I can’t imagine how previous generations dealt without the social crutches technology affords us. Take, for example, this familiar scenario: As you’re walking down a long straight road, a single figure heads towards you. They seem far away enough to strain your eyes and look at them. Terrible mistake. It’s that girl you went to dance class with for six weeks when you were twelve. Vague recognition, your gazes lock against your will, her beady eyes boring into yours like some sort of awkward-situation tractor beam. There’s still too much time to say hello, even a wave could be construed as an offensive gesture. Out comes the phone. If you’re one of those people who pretend to make a call and turn your head away as she passes, then you are scum. But most of us will just stare at the tiny machine until the last possible moment, and then whip up our heads in a maniacal smile, trying to arrange our faces with into an expression both eager and nonchalant. The eyes usually end up crossing.

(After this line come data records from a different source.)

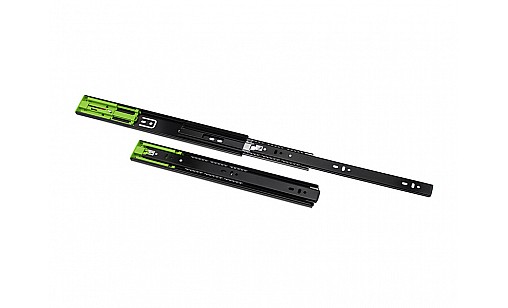 Направляюча телескопічна Push to open  L-350мм  Н-45мм Чорна ДС ПреміумЛайн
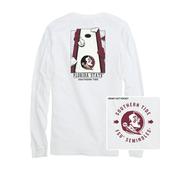  Florida State Southern Tide Cornhole Board Long Sleeve Tee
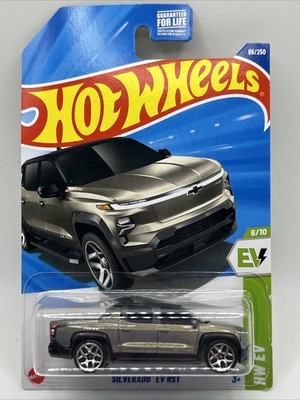 Hot Wheels Chevy Silverado EV RST  HW EV Series  6/10 Gray/Silver/Black 1/64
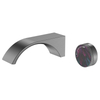 Single Knob Temperature Control Bathroom into The Wall Brass Chrome Crescent Design Faucet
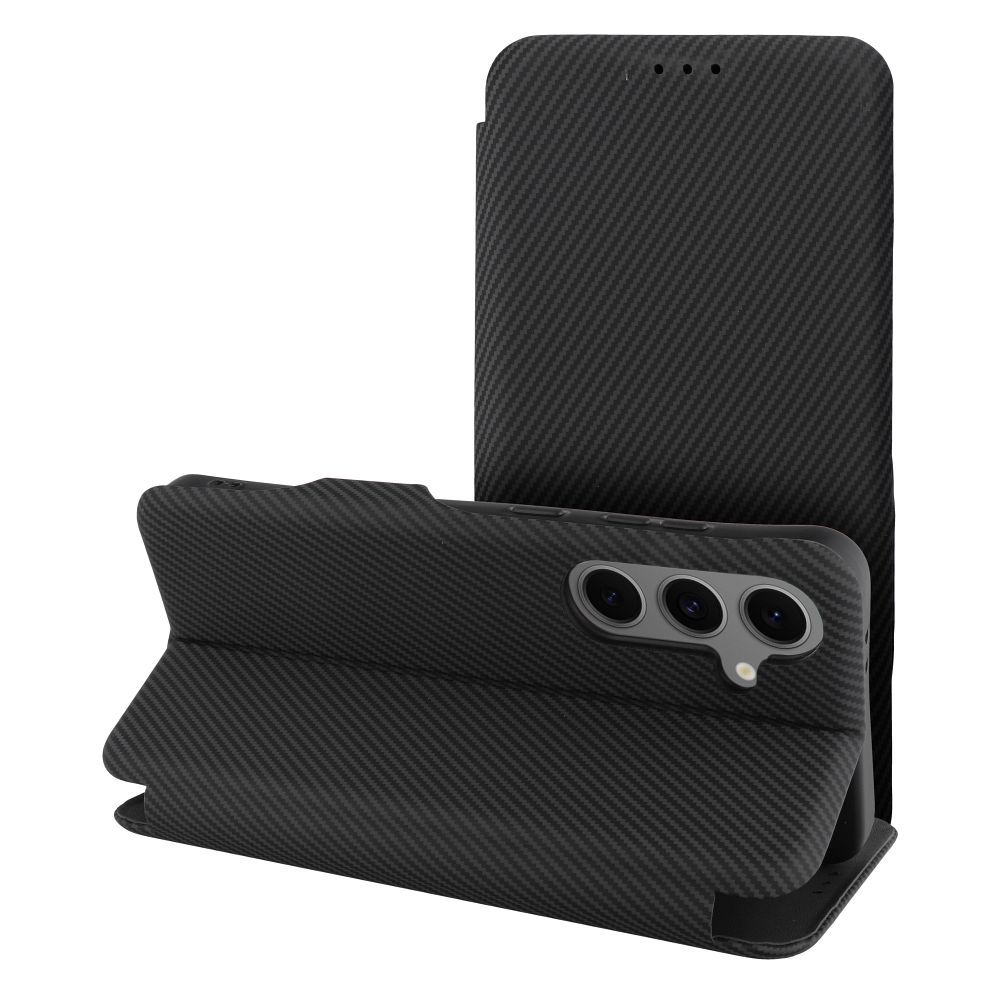 FOLIO Side Magnet book case compatible with S-PEN for SAMSUNG S24 ULTRA black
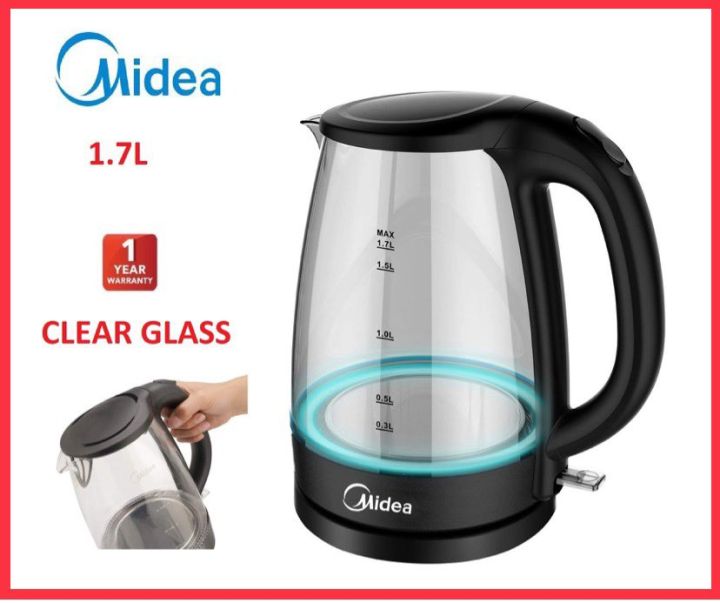 MIDEA JUG KETTLE MK-17G02 MK-17S33D JAR CEREK AIR GLASS
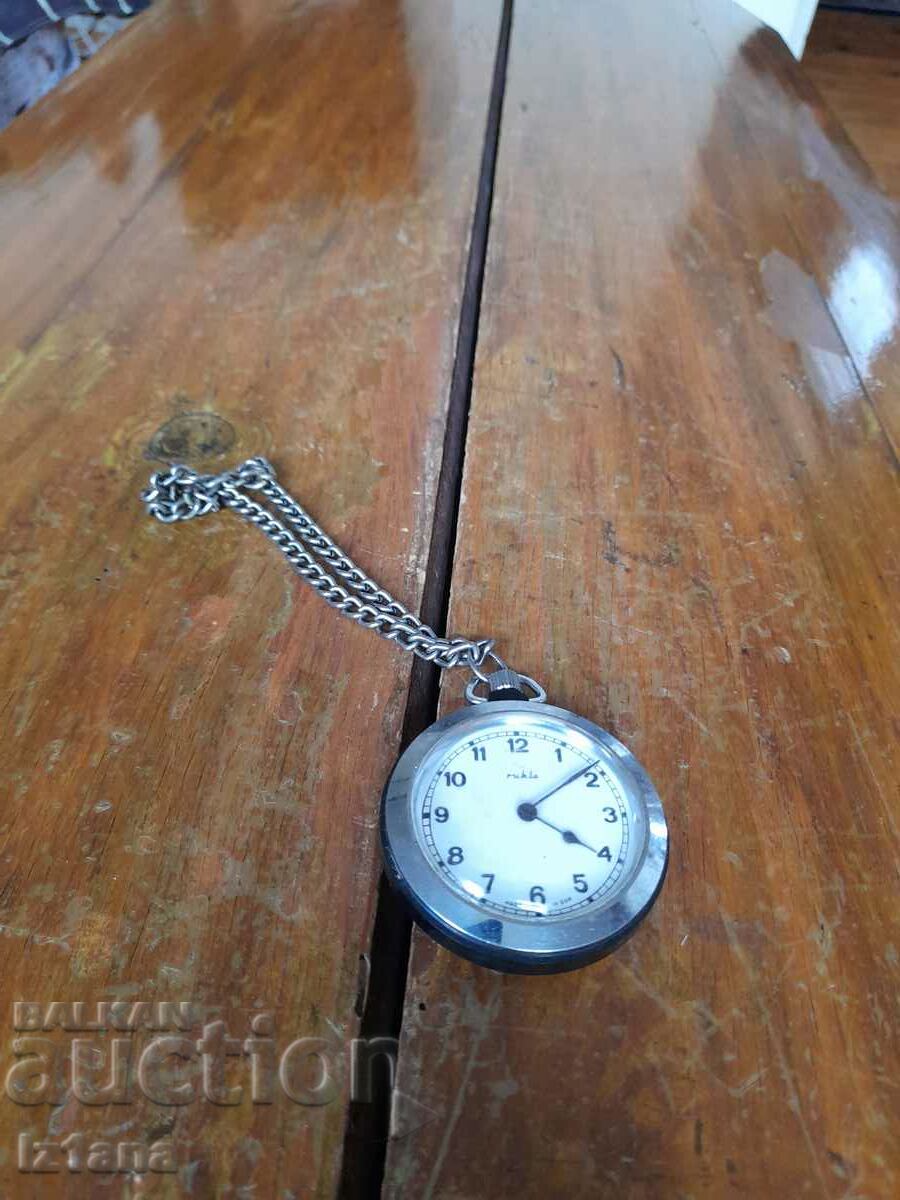 Παλιό ρολόι τσέπης Ruhla
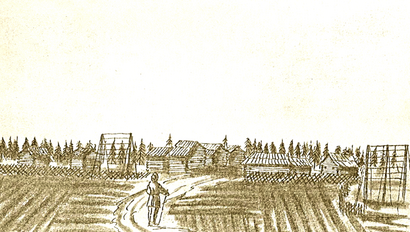Деревня Зайцево (Новгородская обл.). 1660-е гг. Альбом А. Мейерберга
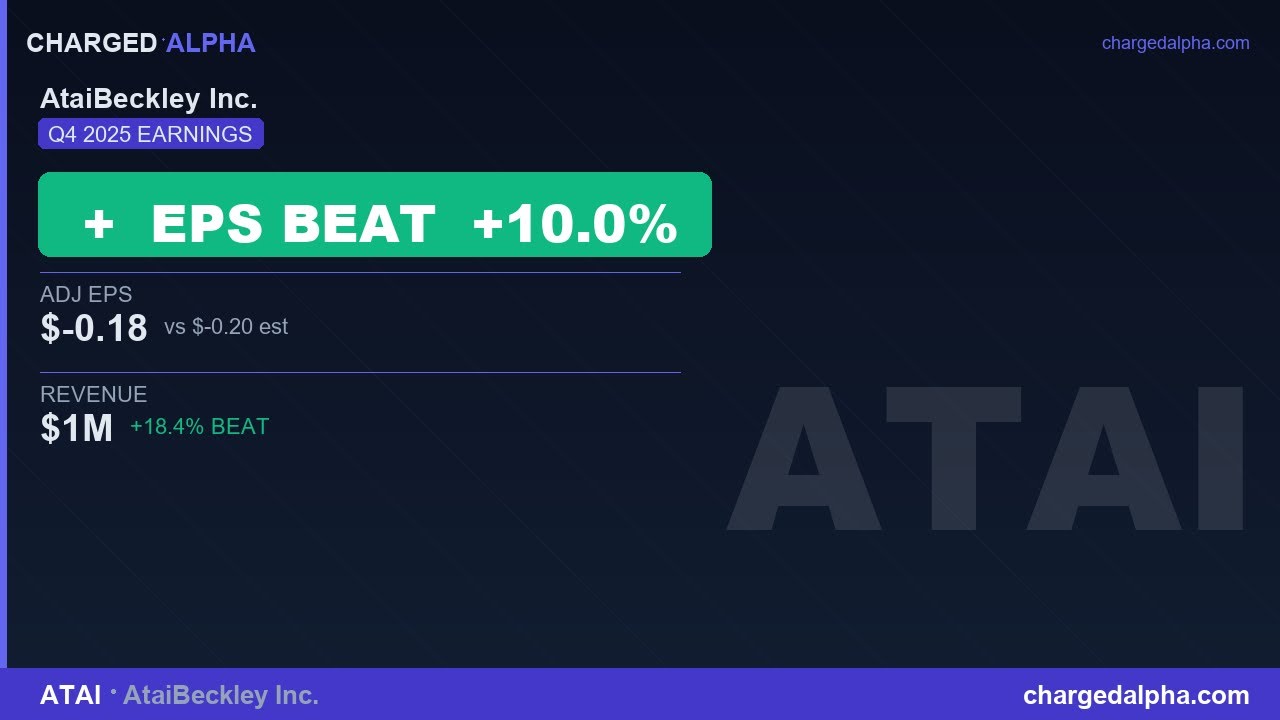 ATAI (ATAI) Earnings: Cash Runway Extends as Trials Move Forward | Q42025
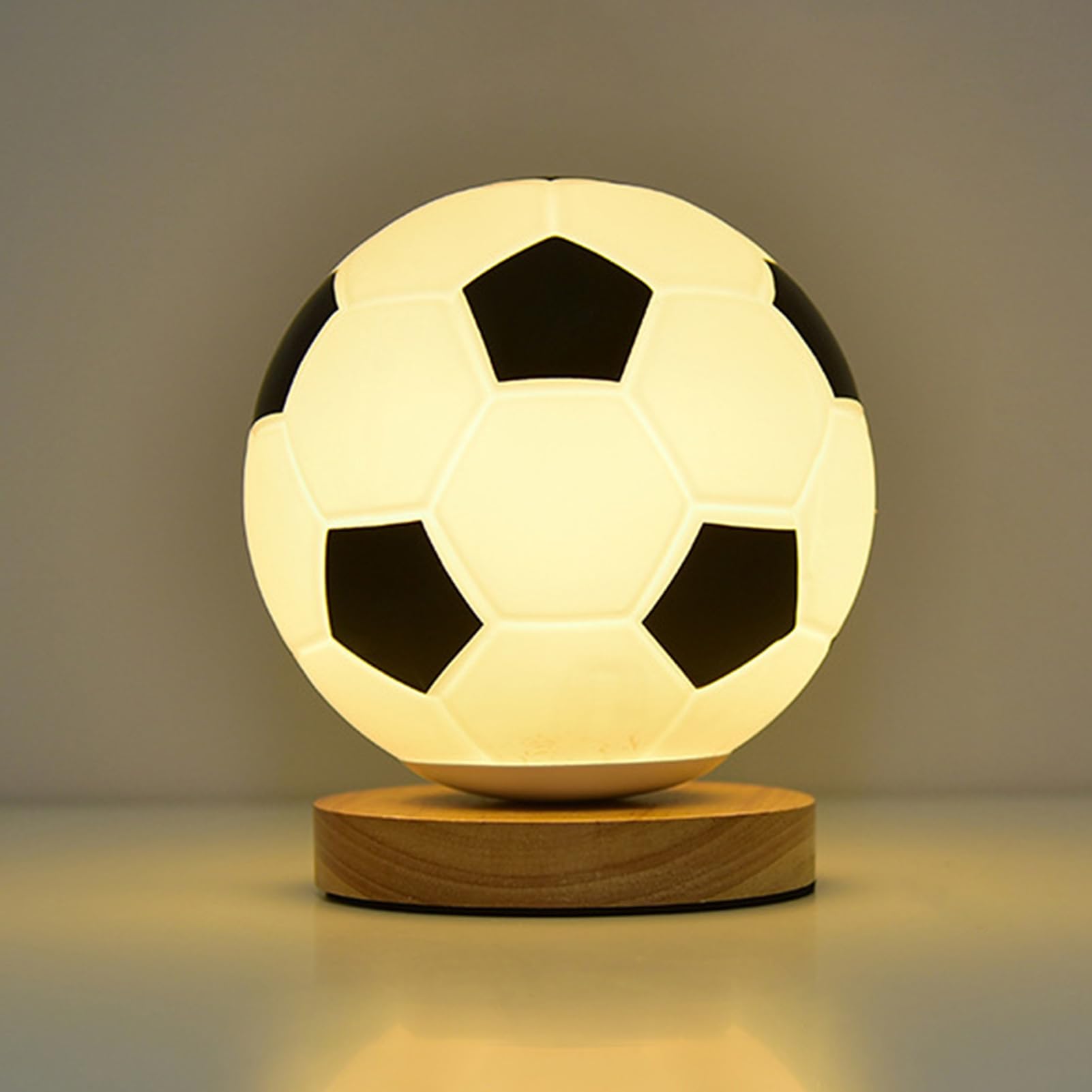 Luz nocturna de fútbol, luz de escritorio para mesita de , lámpara de | mesa LED, para dormitorio, sala de estar, habitación de los niños, mesita de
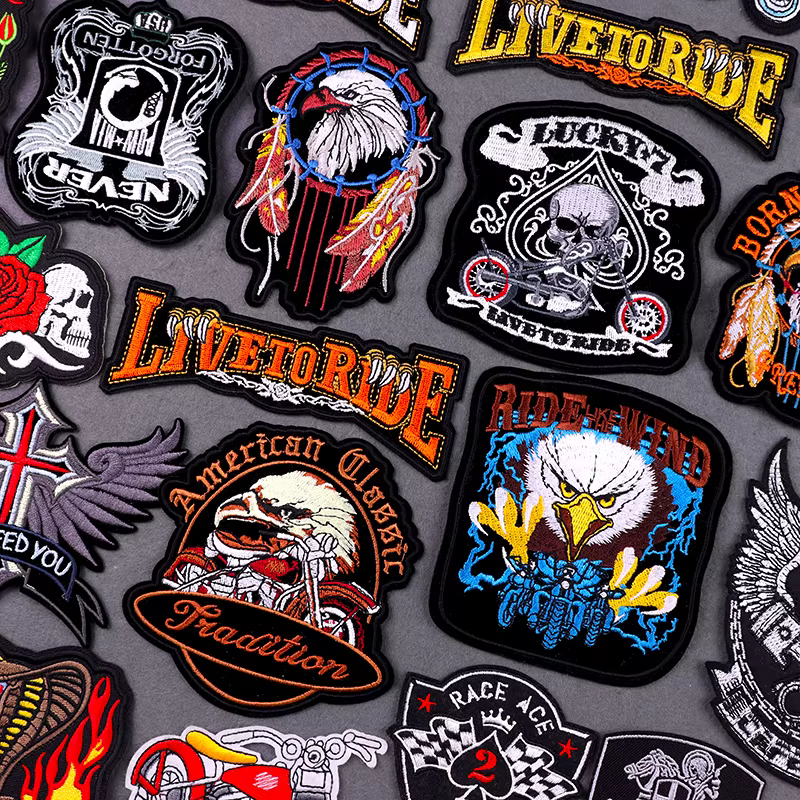 Live To Ride Parche Bordado Moto – Plancha Chaqueta Chaleco - imagen 4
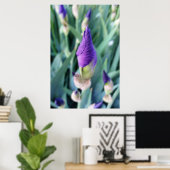 lila Iris-Knoten Poster (Heimbüro)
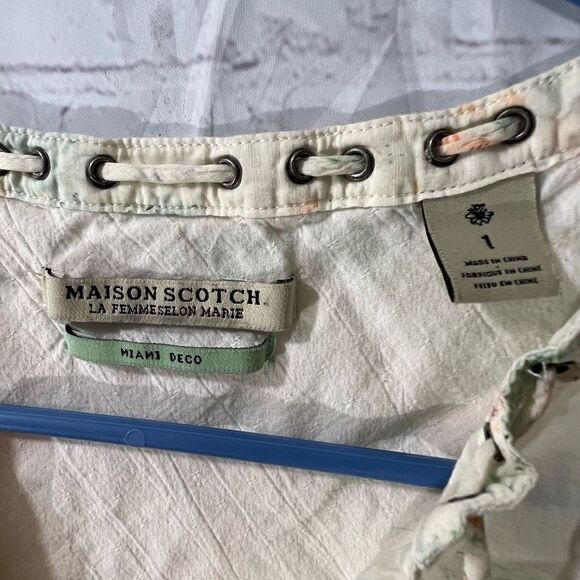 Maison Scotch Miami Deco Top - Picture 3 of 7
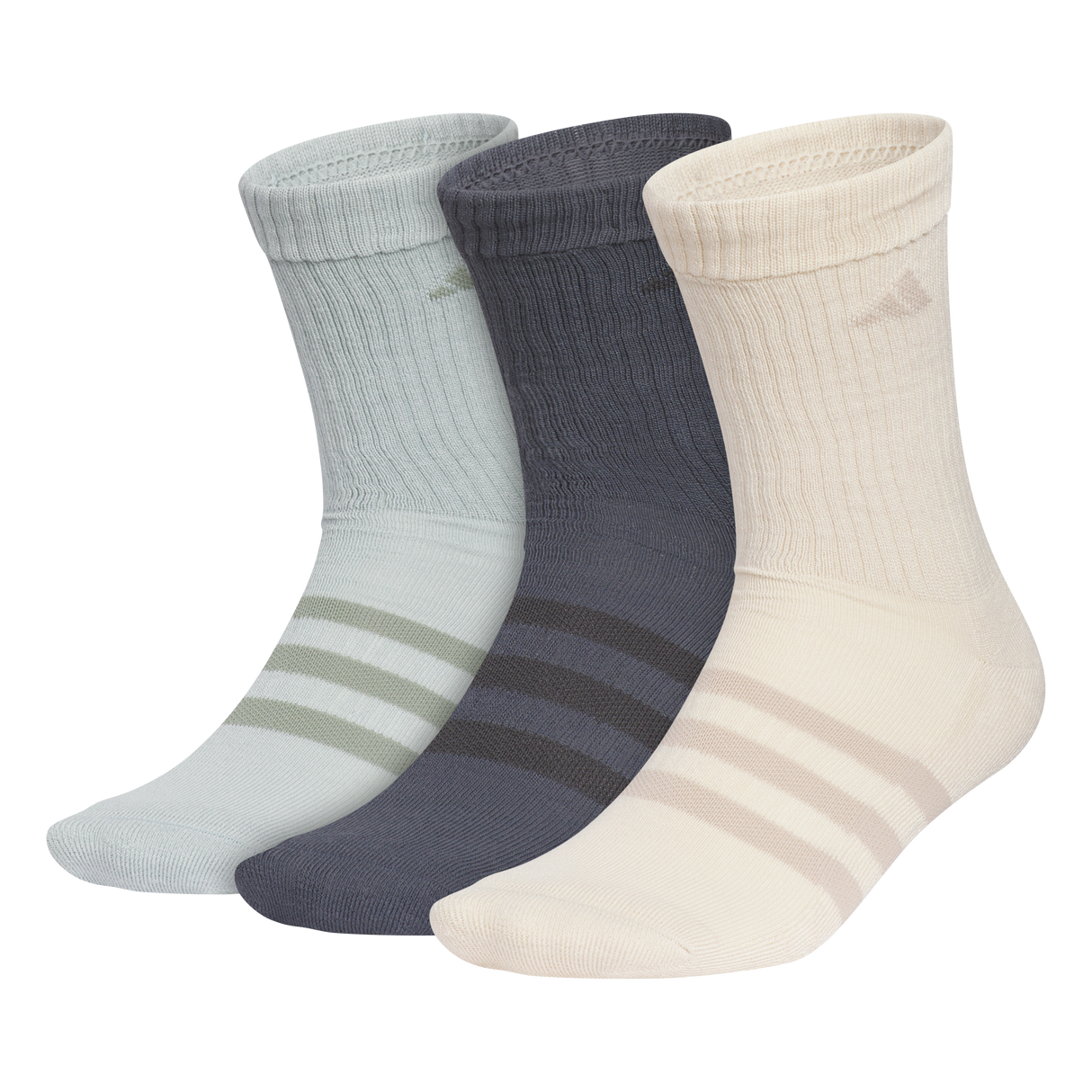 adidas Unisex Adaptive 3-Pack Crew Sock Unisex Accessories Socks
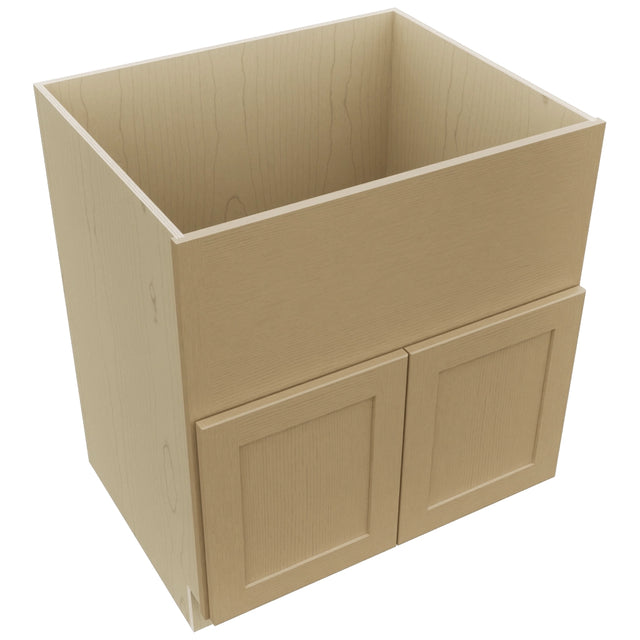 Fabuwood Galaxy Natural Oak FS30 Base Farm Sink Cabinet, Top View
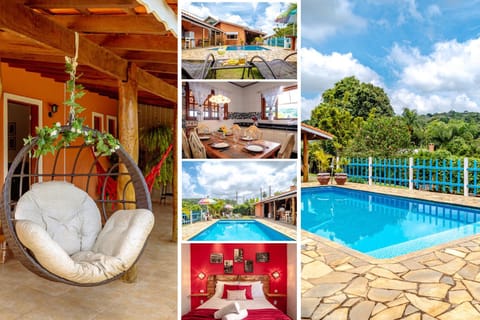 Patio, Day, Natural landscape, Living room, Seating area, Pool view, Swimming pool, sunbed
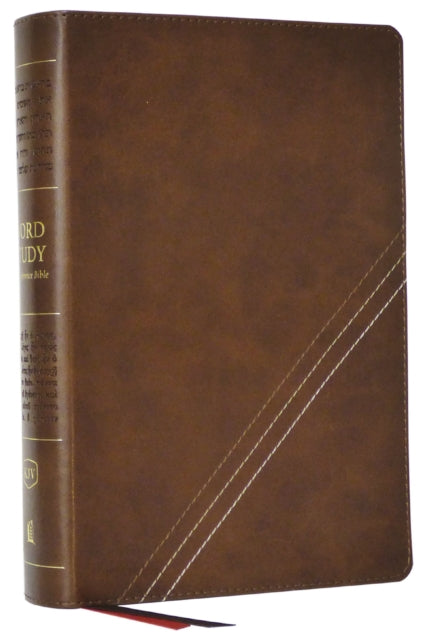 Book cover of: KJV, Word Study Reference Bible, Leathersoft, Brown, Red Letter, Comfort Print. By: Zondervan Publishing Company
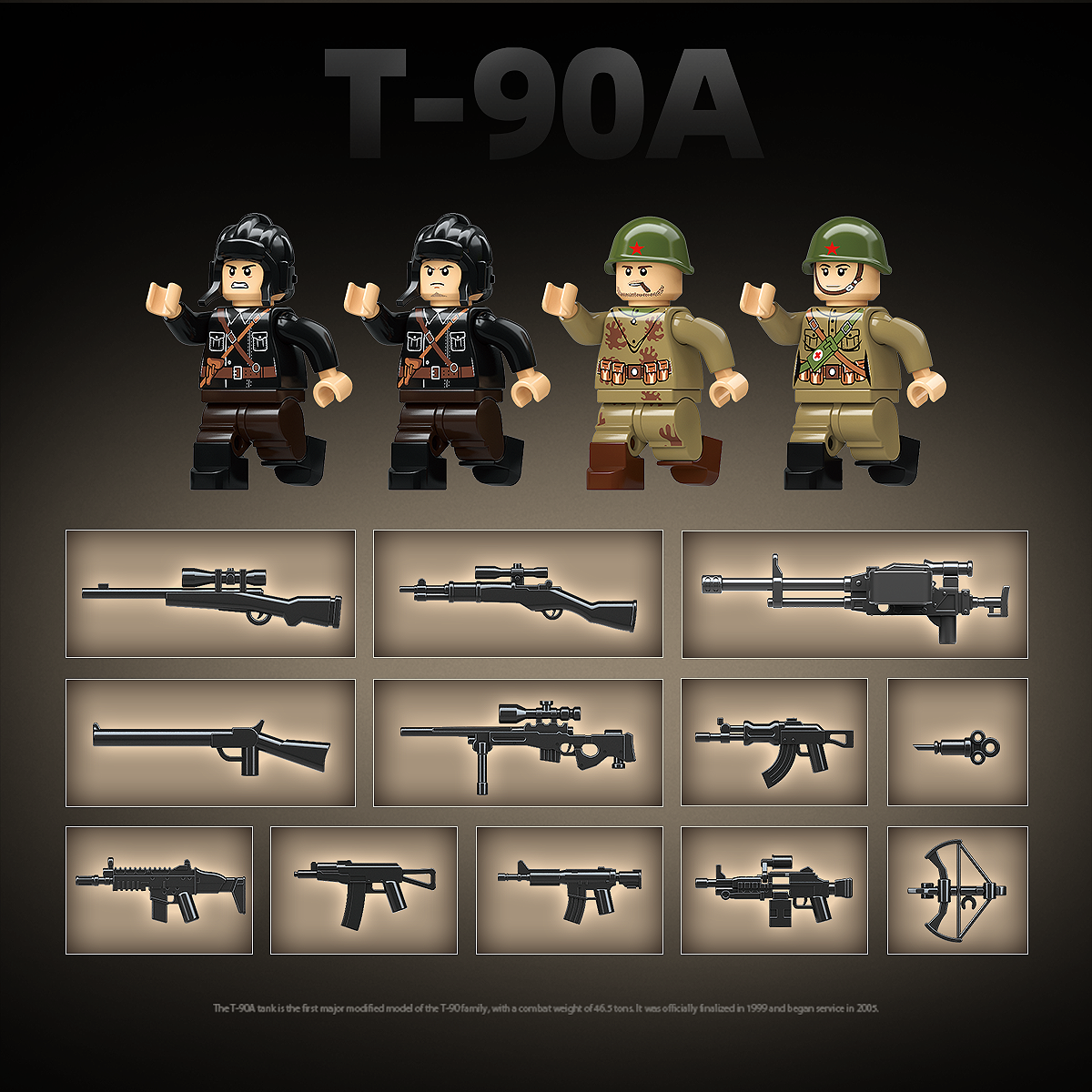 T-90A Main Battle Tank | 1200 PCS | 1:28 | Modern Russian Main Battle Tank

There’s certainly some sort of naked fear that comes with tenuous human connection. The flash of sheer awkwardness that passes between two people who don’t really know each other, or want to, is one of life’s infrequent moments of truth. I find that there are some people in college who I’ve been saying hello to for four years, but have never actually spoken to. Well, I tried it at the start of this year, and actually found it takes less effort to get to know someone as it does to avoid them. The bridge between friendship and acquaintance can be an arduous one, put off for years in some cases. But most of the time, if you make the effort to get to know someone, it will pay off. And not only will you expand your social circle, but you’ll finally be able to walk through college without the fear of social awkwardness.